Oakville Residents Oppose Senior Living Complex

Michelle Norris, a senior vice president for National Church Residences, address the St. Louis County Planning Commission during a meeting regarding the construction of a senior housing complex by the developer on Monday, July 15, 2013, at the County Council chamber in Clayton.

For the second time in five weeks, the residents of the Oakville area descended Monday on the St. Louis County Building to register disapproval over a low-income senior citizen housing complex — a project already under construction.

Characterizing the project as “one of the greatest failures in St. Louis County government history,” Oakville businessman Mark Haefner captured the prevailing sentiment about a proposal that sailed through the planning process unnoticed and unopposed barely a year ago.

The County Planning Commission, which reopened the issue at the behest of the County Council, is expected to act on the measure next month.

County Executive Charlie Dooley warned last month that the county will incur severe legal penalties if it halts work on a project that began construction in the spring at 6050 Telegraph Road.
Clayton attorney John King, representing the developer and operator of the 45-unit complex, National Church Residences, said that in the 40-plus years he’s handled zoning cases, he could not recall another instance of the county rescinding approval for an active project.

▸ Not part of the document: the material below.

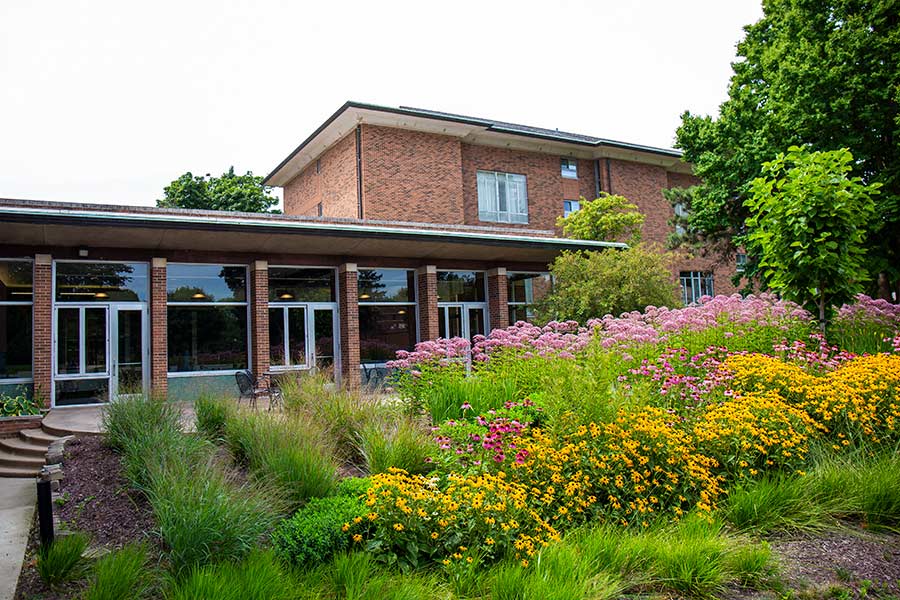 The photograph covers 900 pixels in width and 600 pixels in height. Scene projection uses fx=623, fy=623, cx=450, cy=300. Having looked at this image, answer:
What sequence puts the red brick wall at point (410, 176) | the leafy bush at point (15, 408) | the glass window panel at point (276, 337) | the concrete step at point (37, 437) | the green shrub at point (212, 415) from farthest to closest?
the red brick wall at point (410, 176), the glass window panel at point (276, 337), the leafy bush at point (15, 408), the concrete step at point (37, 437), the green shrub at point (212, 415)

Michelle Norris, a senior vice president for National Church Residences, attempted to assure the audience that the organization was bound by the rules to serve — as it does at other locations around the nation — a population where the average resident is a 78-year-old woman.

“We are restricted to senior housing only,” Norris said. “We will receive a lot of penalties if we don’t follow the rules.”

Norris’ assurances did nothing to placate a crowd of 235 that packed the council auditorium. An additional 75 opponents milled outside the room, prevented from entering by the occupancy code.
Lynn Link was the first to raise a dominant objection: The complex’s proximity to the pre-kindergarten Goddard School, located on adjoining property.

Goddard parents, Link said, have “justifiable concerns” about the National Church Residences’ facility placing a Dumpster containing “soiled adult undergarments and used syringes” 5 feet from the school boundary.